Thanks for your answer!

2015-08-07 17:14 GMT+03:00 Andy Seaborne <[email protected]>:
>
> Your example is small. So I assume you are not actually describing your real
> use case.  Your example is already keeping everything in memory. TDB
> in-memory, which is for testing mainly, uses a RAM disk for exact semantics
> with the disk version, and has multiple copies of data.

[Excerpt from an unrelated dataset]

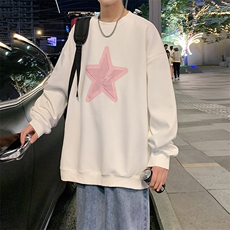 Y5033P35秋季港风刺绣圆领卫衣男宽松长袖T恤打底衫外套，男装卫衣，星座1204-3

Yes, example that I show use small data, but in real case I use data
from DBpedia that is pretty big.
>
> There are several choices:
>
> 1/ Increase the heap size.
>
> 2/ (if we're really talking about a large disk database).  Do a scan through
> the results of graph.find and keep the subjects in a separate datastructure.
> Do a second loop over the retained subjects to do the updates.  This works
> well when there are a significant smaller number of places to update than
> the whole find() locates.
>
> 3/ If the updates are going to be huge, and the database is really a
> larger-than-RAM persistent one, (total number of updates is compararable or
> larger than RAM) then you are asking for an operation that is fundamentally
> expensive.  Write the updates to a file; in the loop then add the file into
> the database.
>
> 4/ If it's a one off maintance task, dump to N-triples and use perl/ruby/...
> to fix the backup and reload.
>
> See also large transaction support.
> http://mail-archives.apache.org/mod_mbox/jena-users/201507.mbox/%3CCAPTxtVOZRzyPxN1njh3WVggsJEUNxeXDJhNvx%2BG4WcRtExxPxg%40mail.gmail.com%3E
>
>         Andy
>

So if I understood correctly, in my case I need to organize temporary
buffer. And then read all "abstracts" from DBpedia to this buffer.
After that, do calculations with this data from temporary buffer and
then save to TDB.

Ok, I think about something like that, but I'm not work with Jena, so
I think maybe Jena already have some mechanism for this case.